Reactive devaluation
Wanneer de tegenpartij iets zegt, kan er wantrouwen opspelen bij één van de partijen. De ander zal er vast wel een bepaalde bedoeling mee hebben, kan dan een gedachte zijn. Het er dus (stiekem) mee eens zijn, maar toch tegen zijn, omdat er misschien iets anders achter weg kan komen. Het wantrouwen is te groot.
Irrationele escalatie van commitment
Je hebt zoveel geïnvesteerd in een onderhandeling of conflict dat je tegen beter weten in doorgaat met het conflict. Dit betekent dat wanneer de reden van het conflict eigenlijk al opgelost is, door middel van nieuwe informatie, de partijen toch in het conflict blijven hangen. Een baas die bijvoorbeeld zijn werknemer verdenkt van diefstal en wanneer dit later niet waar blijkt te zijn, toch nog ervoor wil zorgen dat de werknemer weggaat. Dan bedenkt hij bijvoorbeeld wel een andere reden hiervoor, omdat er al zoveel energie gestoken is in het conflict. Hiervan afwijken kan dan soms lastig zijn.
Ladder of inference
Doordat ieder anders selecteert, volgen er verschillende aannames, waaruit een conclusie getrokken wordt. Deze aannames komen voort uit de normen en waarden die jij gewend bent, je culturele achtergrond. Ieder heeft daardoor een andere betekenis bij een gebeurtenis (Schonewille, 2018, p. 351).

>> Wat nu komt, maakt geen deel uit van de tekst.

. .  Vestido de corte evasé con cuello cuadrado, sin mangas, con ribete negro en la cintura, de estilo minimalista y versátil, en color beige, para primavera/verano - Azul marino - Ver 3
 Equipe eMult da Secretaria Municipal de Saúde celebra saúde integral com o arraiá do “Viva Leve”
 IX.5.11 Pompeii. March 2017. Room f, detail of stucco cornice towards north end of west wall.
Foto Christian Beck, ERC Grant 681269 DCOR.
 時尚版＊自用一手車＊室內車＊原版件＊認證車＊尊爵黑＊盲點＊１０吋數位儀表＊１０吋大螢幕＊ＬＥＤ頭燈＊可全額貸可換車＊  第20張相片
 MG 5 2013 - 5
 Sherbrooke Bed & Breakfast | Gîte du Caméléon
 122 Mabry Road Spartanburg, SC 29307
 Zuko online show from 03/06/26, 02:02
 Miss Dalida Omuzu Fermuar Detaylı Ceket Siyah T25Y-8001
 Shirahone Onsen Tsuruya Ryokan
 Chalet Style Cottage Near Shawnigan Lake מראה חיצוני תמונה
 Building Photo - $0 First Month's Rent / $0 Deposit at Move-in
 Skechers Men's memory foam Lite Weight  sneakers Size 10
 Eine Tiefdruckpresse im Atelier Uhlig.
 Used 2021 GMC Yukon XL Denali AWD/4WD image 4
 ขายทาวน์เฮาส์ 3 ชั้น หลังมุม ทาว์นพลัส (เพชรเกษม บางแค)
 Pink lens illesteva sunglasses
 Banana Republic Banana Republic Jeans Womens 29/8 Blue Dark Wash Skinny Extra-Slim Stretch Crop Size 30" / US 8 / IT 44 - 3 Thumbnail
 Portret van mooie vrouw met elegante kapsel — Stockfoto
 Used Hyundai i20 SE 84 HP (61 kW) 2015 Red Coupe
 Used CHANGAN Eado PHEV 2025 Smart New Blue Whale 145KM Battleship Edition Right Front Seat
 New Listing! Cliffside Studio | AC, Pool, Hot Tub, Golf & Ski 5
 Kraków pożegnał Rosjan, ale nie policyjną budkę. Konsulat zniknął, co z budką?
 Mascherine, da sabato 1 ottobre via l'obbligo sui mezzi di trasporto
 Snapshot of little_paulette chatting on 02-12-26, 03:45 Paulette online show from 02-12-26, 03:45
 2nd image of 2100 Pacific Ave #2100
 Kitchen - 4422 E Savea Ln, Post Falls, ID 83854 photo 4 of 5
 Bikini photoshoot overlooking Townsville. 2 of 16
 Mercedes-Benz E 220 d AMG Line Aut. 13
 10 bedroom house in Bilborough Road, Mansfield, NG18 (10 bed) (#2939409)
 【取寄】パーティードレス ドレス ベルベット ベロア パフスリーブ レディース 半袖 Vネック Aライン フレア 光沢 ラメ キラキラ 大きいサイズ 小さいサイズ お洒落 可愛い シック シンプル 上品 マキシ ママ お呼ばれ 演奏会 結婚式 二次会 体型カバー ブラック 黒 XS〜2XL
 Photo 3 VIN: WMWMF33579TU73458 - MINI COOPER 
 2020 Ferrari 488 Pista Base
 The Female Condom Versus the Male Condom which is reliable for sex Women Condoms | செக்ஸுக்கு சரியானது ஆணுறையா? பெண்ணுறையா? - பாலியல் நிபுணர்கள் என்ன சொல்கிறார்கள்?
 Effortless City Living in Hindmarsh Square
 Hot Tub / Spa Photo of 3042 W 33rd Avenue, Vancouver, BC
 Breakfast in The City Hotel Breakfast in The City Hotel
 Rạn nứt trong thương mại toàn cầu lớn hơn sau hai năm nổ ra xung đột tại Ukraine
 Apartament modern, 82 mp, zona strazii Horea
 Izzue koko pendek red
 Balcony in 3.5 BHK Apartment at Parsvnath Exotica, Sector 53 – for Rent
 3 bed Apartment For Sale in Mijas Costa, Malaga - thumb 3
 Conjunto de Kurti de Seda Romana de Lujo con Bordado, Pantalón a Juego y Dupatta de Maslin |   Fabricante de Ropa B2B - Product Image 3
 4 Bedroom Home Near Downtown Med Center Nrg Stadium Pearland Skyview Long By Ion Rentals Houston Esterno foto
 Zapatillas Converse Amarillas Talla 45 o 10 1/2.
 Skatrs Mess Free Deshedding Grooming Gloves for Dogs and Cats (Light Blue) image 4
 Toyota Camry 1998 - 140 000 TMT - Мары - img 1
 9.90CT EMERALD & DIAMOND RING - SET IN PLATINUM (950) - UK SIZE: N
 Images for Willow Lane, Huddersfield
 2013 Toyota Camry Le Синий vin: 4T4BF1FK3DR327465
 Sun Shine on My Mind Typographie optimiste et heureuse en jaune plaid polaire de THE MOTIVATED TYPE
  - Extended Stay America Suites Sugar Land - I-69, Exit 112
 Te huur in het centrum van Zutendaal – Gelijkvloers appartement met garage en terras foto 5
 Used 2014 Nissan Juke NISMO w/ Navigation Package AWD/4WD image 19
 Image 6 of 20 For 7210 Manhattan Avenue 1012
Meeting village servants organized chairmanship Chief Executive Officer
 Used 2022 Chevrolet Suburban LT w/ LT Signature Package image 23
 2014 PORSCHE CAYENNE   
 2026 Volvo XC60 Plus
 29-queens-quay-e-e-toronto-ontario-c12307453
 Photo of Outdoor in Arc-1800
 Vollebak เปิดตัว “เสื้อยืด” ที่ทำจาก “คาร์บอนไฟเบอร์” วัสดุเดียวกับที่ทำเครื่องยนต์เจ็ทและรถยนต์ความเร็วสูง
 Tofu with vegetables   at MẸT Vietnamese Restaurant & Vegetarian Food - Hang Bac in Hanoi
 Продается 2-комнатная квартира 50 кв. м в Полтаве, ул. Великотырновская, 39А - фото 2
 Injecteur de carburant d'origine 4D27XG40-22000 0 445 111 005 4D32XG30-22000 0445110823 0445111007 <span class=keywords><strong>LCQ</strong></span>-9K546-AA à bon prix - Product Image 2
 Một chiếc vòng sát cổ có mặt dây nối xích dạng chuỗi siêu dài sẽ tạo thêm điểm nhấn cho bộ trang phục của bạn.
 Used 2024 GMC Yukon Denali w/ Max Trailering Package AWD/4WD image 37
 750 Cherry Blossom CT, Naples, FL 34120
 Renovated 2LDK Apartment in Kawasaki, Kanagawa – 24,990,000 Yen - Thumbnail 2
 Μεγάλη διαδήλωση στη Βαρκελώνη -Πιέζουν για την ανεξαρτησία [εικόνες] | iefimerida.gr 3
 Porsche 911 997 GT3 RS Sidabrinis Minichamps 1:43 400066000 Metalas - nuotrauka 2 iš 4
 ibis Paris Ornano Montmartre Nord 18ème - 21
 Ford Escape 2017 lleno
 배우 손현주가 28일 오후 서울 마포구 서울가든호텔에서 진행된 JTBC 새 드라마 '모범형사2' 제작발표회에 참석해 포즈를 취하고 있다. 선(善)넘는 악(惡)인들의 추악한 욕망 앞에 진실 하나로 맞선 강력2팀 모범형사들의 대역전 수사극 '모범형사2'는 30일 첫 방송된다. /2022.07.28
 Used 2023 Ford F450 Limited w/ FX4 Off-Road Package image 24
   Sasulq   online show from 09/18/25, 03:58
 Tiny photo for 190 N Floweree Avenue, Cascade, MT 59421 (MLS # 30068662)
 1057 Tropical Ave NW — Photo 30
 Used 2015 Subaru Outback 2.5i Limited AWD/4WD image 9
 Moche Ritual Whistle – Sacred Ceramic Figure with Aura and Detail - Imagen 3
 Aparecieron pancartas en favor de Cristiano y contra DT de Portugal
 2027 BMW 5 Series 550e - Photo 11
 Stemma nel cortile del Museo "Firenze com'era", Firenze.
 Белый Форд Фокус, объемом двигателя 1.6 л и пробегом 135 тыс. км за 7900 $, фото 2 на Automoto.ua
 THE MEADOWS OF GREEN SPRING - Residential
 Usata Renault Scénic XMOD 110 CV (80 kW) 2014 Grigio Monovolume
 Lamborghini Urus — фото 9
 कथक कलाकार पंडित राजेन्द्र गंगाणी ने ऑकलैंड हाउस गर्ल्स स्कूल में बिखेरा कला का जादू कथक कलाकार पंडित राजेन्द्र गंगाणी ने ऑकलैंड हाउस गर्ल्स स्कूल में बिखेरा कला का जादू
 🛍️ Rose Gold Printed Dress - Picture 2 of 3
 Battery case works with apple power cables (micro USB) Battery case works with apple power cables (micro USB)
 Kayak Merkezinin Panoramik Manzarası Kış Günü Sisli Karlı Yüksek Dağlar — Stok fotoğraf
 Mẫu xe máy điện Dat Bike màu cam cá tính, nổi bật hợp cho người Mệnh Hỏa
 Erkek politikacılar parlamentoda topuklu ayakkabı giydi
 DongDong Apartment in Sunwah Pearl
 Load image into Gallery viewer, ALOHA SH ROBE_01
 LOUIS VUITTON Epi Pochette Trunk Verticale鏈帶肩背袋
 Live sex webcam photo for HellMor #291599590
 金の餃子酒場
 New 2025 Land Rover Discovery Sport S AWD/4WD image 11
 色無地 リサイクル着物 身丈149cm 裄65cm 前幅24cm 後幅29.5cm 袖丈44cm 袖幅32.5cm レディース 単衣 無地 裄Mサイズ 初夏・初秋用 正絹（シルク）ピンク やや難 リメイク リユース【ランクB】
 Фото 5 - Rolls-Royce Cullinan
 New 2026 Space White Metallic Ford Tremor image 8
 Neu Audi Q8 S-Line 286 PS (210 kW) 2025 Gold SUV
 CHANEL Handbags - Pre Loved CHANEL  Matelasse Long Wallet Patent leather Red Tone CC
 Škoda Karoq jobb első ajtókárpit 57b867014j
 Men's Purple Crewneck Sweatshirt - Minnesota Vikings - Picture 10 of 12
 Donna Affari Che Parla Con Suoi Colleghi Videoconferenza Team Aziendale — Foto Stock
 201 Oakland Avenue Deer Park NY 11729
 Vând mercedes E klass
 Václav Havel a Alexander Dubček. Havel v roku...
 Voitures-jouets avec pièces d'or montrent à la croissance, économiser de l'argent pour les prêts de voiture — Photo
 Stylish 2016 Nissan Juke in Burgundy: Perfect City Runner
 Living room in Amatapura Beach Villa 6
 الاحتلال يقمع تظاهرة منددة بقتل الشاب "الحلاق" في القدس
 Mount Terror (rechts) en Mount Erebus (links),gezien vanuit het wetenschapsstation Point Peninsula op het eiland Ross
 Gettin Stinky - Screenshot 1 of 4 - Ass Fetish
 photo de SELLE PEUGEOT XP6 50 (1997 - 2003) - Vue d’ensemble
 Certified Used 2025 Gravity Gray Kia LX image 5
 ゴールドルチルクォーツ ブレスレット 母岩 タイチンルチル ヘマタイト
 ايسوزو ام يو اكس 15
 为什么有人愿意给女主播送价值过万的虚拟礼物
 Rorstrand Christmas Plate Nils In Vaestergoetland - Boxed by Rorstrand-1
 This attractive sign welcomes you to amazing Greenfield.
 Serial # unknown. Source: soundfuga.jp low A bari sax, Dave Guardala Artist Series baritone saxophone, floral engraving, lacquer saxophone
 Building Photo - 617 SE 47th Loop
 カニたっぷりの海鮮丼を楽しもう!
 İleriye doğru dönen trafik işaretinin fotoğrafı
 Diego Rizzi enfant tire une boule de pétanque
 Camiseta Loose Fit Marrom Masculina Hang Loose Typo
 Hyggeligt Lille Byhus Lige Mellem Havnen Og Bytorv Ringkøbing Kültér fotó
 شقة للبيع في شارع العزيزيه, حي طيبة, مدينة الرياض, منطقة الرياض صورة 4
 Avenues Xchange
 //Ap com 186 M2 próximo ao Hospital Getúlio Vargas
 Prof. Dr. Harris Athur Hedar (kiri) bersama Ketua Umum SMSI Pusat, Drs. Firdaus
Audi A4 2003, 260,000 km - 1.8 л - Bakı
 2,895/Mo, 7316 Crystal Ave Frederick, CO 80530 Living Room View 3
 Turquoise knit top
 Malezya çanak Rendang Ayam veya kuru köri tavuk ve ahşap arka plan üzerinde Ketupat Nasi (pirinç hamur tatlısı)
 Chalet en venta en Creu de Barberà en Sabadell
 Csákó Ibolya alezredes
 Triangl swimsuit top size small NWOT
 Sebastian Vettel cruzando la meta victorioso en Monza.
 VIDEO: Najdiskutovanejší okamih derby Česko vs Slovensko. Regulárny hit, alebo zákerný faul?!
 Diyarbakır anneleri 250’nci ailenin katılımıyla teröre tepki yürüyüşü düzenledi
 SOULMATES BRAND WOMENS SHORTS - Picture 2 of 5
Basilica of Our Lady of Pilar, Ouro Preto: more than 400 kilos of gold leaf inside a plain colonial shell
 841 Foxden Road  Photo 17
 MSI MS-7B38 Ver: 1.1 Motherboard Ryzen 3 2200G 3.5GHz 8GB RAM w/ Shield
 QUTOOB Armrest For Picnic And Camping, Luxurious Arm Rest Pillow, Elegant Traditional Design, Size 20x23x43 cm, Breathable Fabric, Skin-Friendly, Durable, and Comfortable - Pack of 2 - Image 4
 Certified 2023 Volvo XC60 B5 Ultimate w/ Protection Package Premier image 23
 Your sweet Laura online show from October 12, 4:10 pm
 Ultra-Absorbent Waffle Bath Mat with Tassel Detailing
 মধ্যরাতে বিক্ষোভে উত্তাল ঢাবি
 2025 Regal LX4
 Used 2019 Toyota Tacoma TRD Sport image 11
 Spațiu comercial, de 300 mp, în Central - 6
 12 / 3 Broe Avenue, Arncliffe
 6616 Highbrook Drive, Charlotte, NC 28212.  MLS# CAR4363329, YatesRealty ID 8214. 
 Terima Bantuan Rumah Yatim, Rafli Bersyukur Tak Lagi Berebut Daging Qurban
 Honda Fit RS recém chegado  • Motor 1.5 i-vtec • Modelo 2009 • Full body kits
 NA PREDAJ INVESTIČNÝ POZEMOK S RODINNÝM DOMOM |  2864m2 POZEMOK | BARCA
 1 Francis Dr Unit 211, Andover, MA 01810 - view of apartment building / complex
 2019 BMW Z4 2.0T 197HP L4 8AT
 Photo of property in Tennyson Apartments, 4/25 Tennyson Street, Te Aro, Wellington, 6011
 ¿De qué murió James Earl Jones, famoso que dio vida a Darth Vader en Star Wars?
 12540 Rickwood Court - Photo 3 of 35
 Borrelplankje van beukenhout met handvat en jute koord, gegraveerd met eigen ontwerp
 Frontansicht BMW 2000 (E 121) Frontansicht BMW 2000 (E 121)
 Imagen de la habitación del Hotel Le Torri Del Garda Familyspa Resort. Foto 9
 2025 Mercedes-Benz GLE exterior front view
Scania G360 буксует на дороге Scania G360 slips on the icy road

De selectie wordt gemaakt op basis van je aannames, je achtergrond en de belangen die er spelen. De partijen kijken dan beide anders naar de situatie en dit kan zorgen voor verschil in informatie. Er is verschil in interpretatie.
De aannames worden aan de hand van die selectie gedaan, ieder kent een andere betekenis toe aan de situatie.
De conclusie wordt getrokken, waardoor misverstanden kunnen ontstaan. De conclusie hoeft namelijk niet waar te zijn. Een opmerking van de ene partij kan bijvoorbeeld negatief opgevat worden, terwijl dit anders bedoeld is.